About midday I entered a long straggling village, and had a mind to stop and eat. Halfway down was the post-office, and on the steps of it stood the post-mistress and a policeman hard at work conning a telegram. When they saw me they wakened up, and the policeman advanced with raised hand and cried on me to stop.

I nearly was fool enough to obey. Then it flashed upon me that the wire had to do with me, that my friends at the inn had come to an understanding and were united in desiring to see more of me, and that it had been easy enough for them to wire the description of me and the car to thirty villages through which I might pass. I released the brakes just in time. As it was the policeman made a claw at the hood and only dropped off when he got my left in his eye.

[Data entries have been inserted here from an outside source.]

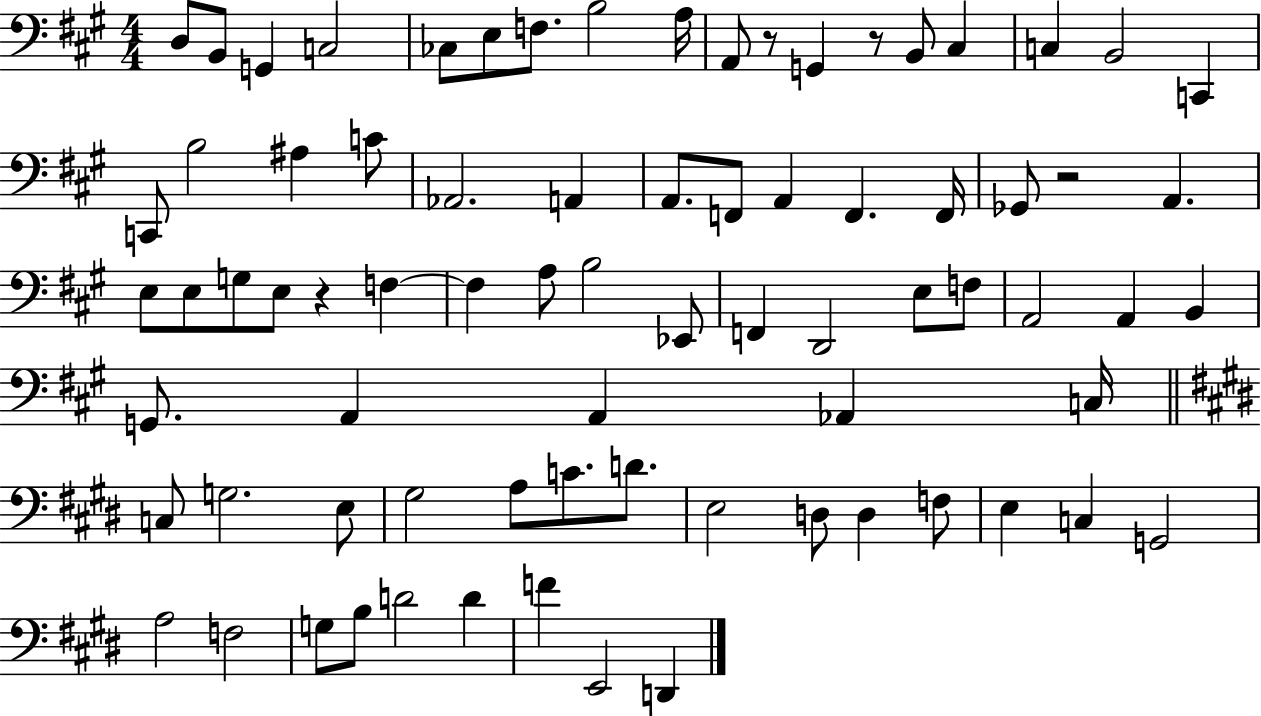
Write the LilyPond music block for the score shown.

{
  \clef bass
  \numericTimeSignature
  \time 4/4
  \key a \major
  d8 b,8 g,4 c2 | ces8 e8 f8. b2 a16 | a,8 r8 g,4 r8 b,8 cis4 | c4 b,2 c,4 | \break c,8 b2 ais4 c'8 | aes,2. a,4 | a,8. f,8 a,4 f,4. f,16 | ges,8 r2 a,4. | \break e8 e8 g8 e8 r4 f4~~ | f4 a8 b2 ees,8 | f,4 d,2 e8 f8 | a,2 a,4 b,4 | \break g,8. a,4 a,4 aes,4 c16 | \bar "||" \break \key e \major c8 g2. e8 | gis2 a8 c'8. d'8. | e2 d8 d4 f8 | e4 c4 g,2 | \break a2 f2 | g8 b8 d'2 d'4 | f'4 e,2 d,4 | \bar "|."
} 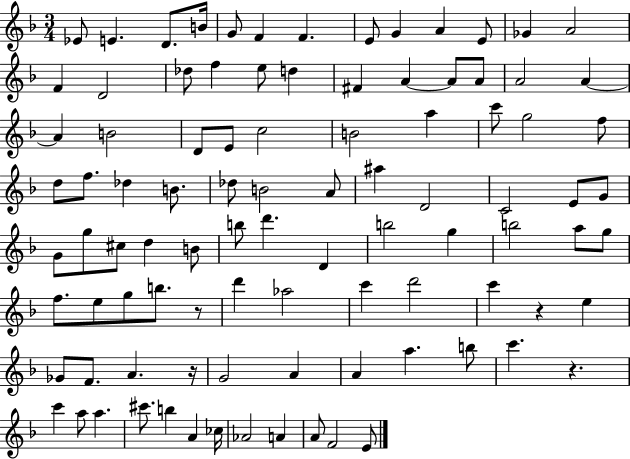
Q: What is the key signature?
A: F major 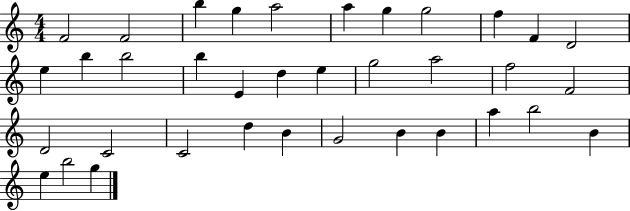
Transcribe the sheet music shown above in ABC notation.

X:1
T:Untitled
M:4/4
L:1/4
K:C
F2 F2 b g a2 a g g2 f F D2 e b b2 b E d e g2 a2 f2 F2 D2 C2 C2 d B G2 B B a b2 B e b2 g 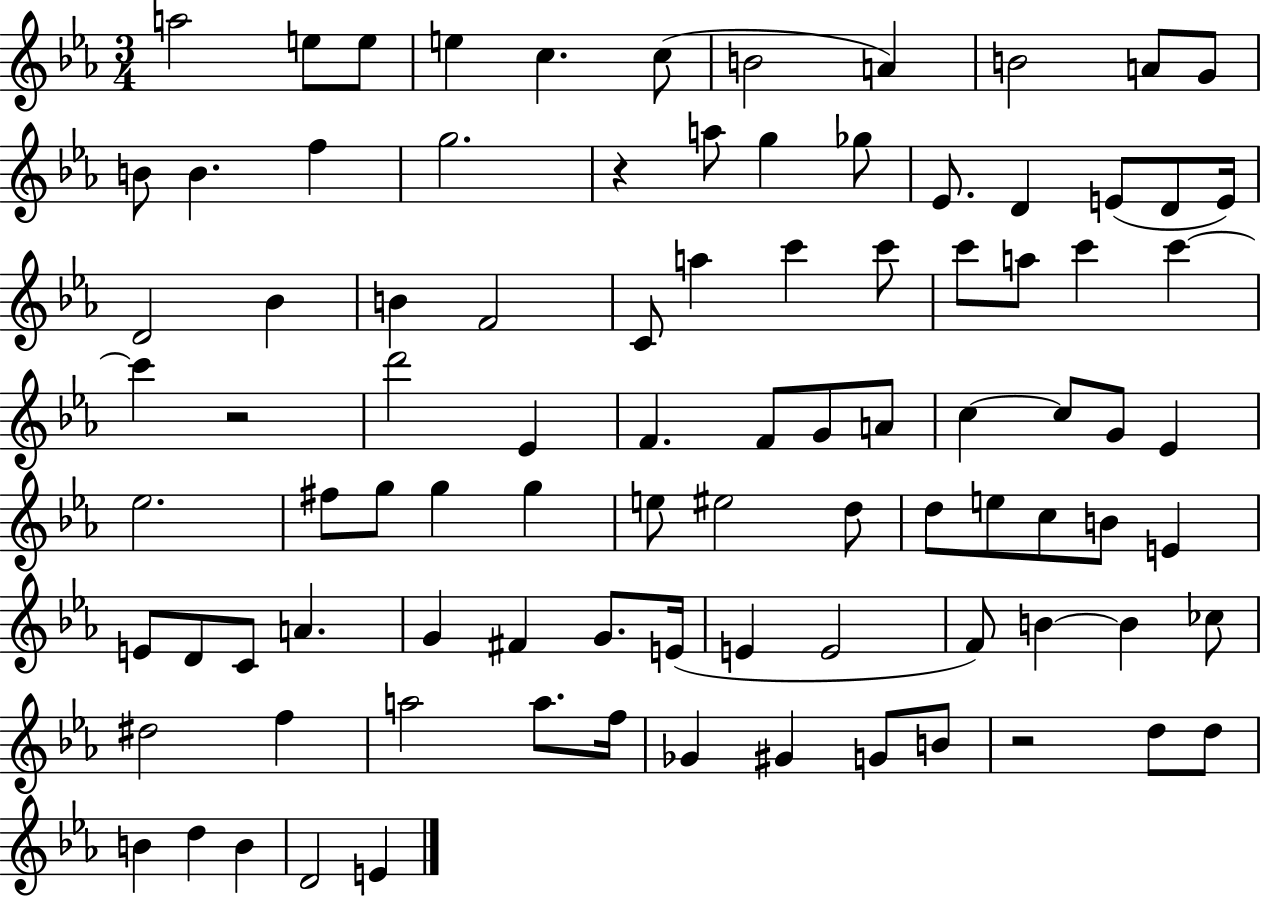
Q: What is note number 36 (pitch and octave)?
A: C6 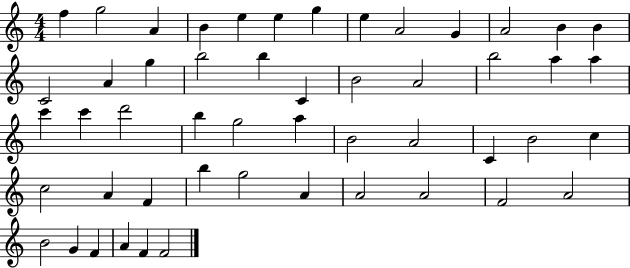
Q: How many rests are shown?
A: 0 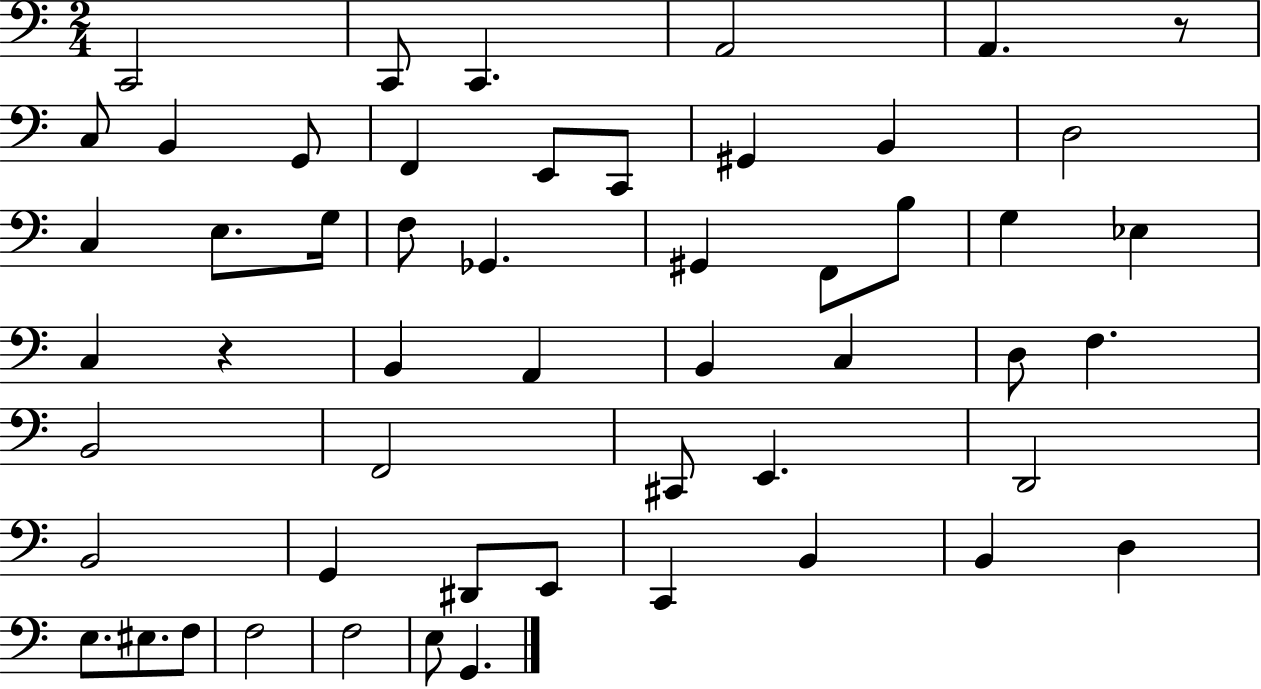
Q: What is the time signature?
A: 2/4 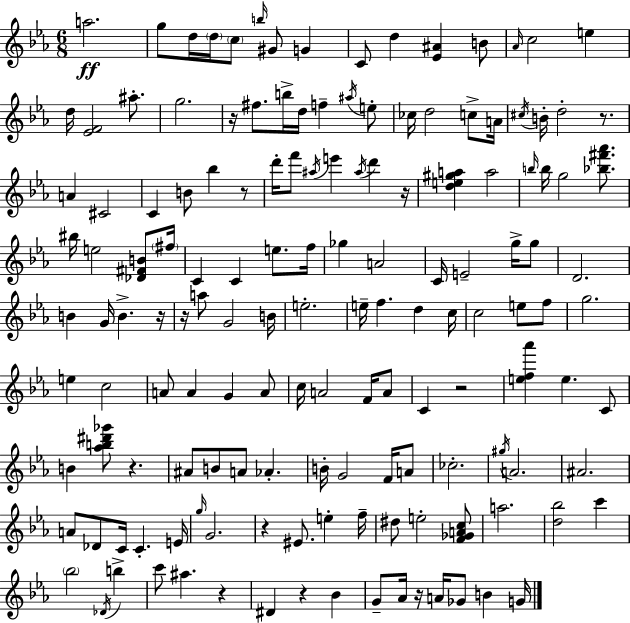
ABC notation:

X:1
T:Untitled
M:6/8
L:1/4
K:Cm
a2 g/2 d/4 d/4 c/2 b/4 ^G/2 G C/2 d [_E^A] B/2 _A/4 c2 e d/4 [_EF]2 ^a/2 g2 z/4 ^f/2 b/4 d/4 f ^a/4 e/2 _c/4 d2 c/2 A/4 ^c/4 B/4 d2 z/2 A ^C2 C B/2 _b z/2 d'/4 f'/2 ^a/4 e' ^a/4 d' z/4 [de^ga] a2 b/4 b/4 g2 [_b^f'_a']/2 ^b/4 e2 [_D^FB]/2 ^f/4 C C e/2 f/4 _g A2 C/4 E2 g/4 g/2 D2 B G/4 B z/4 z/4 a/2 G2 B/4 e2 e/4 f d c/4 c2 e/2 f/2 g2 e c2 A/2 A G A/2 c/4 A2 F/4 A/2 C z2 [ef_a'] e C/2 B [_ab^d'_g']/2 z ^A/2 B/2 A/2 _A B/4 G2 F/4 A/2 _c2 ^g/4 A2 ^A2 A/2 _D/2 C/4 C E/4 g/4 G2 z ^E/2 e f/4 ^d/2 e2 [F_GAc]/2 a2 [d_b]2 c' _b2 _D/4 b c'/2 ^a z ^D z _B G/2 _A/4 z/4 A/4 _G/2 B G/4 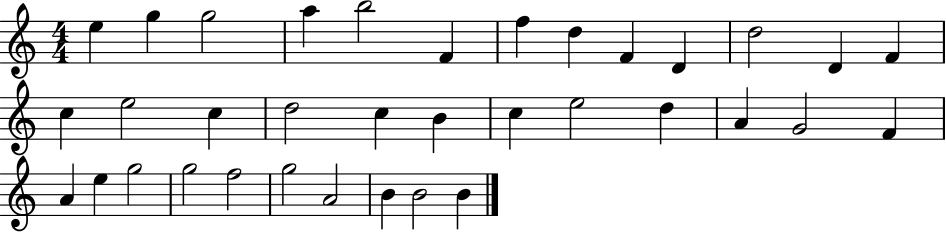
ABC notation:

X:1
T:Untitled
M:4/4
L:1/4
K:C
e g g2 a b2 F f d F D d2 D F c e2 c d2 c B c e2 d A G2 F A e g2 g2 f2 g2 A2 B B2 B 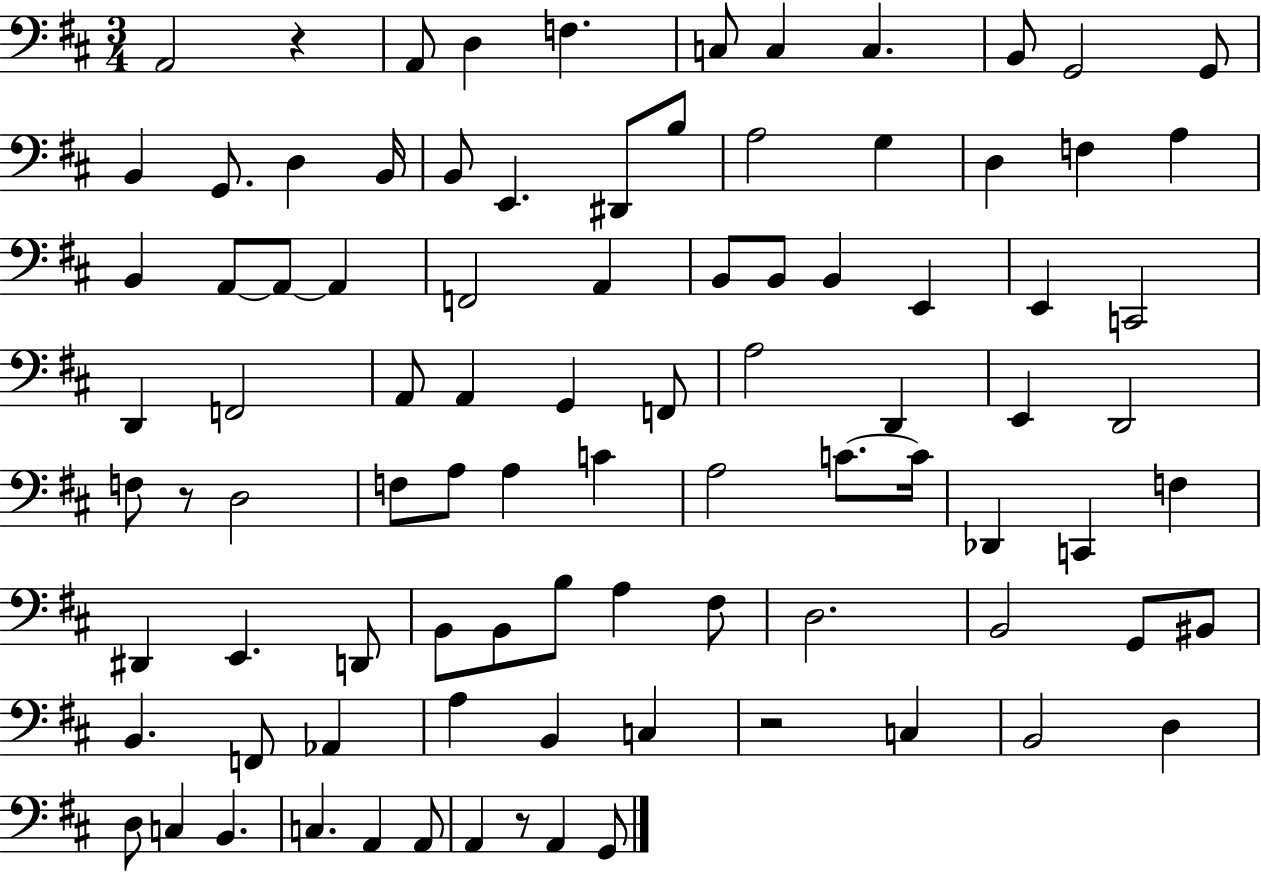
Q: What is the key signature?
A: D major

I saw that main roads were no place me, and turned into the byways. It wasn't an easy job without a map, for there was the risk of getting onto a farm road and ending in a duck-pond or a stable-yard, and I couldn't afford that kind of delay. I began to see what an ass I had been to steal the car. The big green brute would be the safest kind of clue to me over the breadth of Scotland. If I left It and took to my feet, it would be discovered in an hour or two and I would get no start in the race.

The immediate thing to do was to get to the loneliest roads. These I soon found when I struck up a tributary of the big river, and got into a glen which climbed over a pass. Here I met nobody, but it was taking me too far north, so I slewed east along a bad track and finally struck a big double-line railway. Away below me I saw another broadish valley, and it occurred to me that if I crossed it I might find some remote hostelry to pass the night The evening was now drawing in, and I was furiously hungry, for I had eaten nothing since breakfast except a couple of buns I had bought from a baker's cart.

Just then I heard a noise in the sky, and lo and behold there was that infernal aeroplane, flying low, about a dozen miles to the south and rapidly coming towards me.

I had the sense to remember that on a bare moor I was at the aeroplane's mercy, and that my only chance was to get to the leafy cover of the valley. Down the hill I went like blue lightning, screwing my head round whenever I dared, to watch that damned flying machine. Soon I was on a road between hedges, and dipping to the deep-cut glen of a stream. Then came a bit of thick wood, where I slackened speed.

Suddenly on my left I heard the hoot of another car and realised to my horror that I was almost upon a couple of gate-posts through which a private road debouched on the highway. My horn gave an agonised roar, but it was too late. I clapped on my brakes, but my impetus was too great, and there before me a car was sliding athwart my course. In a second there would have been the deuce of a wreck. I did the only thing possible, and ran slap into the hedge on the right trusting to find something soft beyond.

But there I was mistaken. My car slithered through the hedge like butter and then gave a sickening plunge forward. I saw what was coming, leaped on the seat and would have jumped out. But a branch of hawthorn got me in the chest, lifted me up and held me, while a ton or two of expensive metal slipped below me, bucked and pitched, and then dropped with an almighty smash fifty feet the bed of the stream.

 

Slowly that thorn let me go, I subsided first on the hedge, and then very gently on a bower of nettles. As I scrambled to my feet a hand took me by the arm, and a sympathetic and badly scared voice asked me if I were hurt.

I found myself looking at a tall young man in goggles and a leather ulster who kept on blessing his soul and whinnying apologies. For myself, once I got my wind back, I was rather glad than otherwise. This was one way of getting rid of the car.

"My blame, sir," I answered him. "It's lucky that I did not add homicide to my follies. That's the end of my Scotch motor tour, but it might have been the end of my life."

He plucked out a watch and studied it.

"You're the right sort of fellow," he said. "I can spare a quarter of an hour, and my house is two minutes off. I'll see you clothed and fed and snug in bed. Where's your kit, by the way? Is it in the burn along with the car?"

"It's in my pocket," I said, brandishing a tooth-brush. "I'm a colonial and travel light."

"A colonial," he cried. "By Gad, you're the very man I've been praying for. Are you by any blessed chance a Free Trader?"

"I am," said I, without the foggiest notion of what he meant.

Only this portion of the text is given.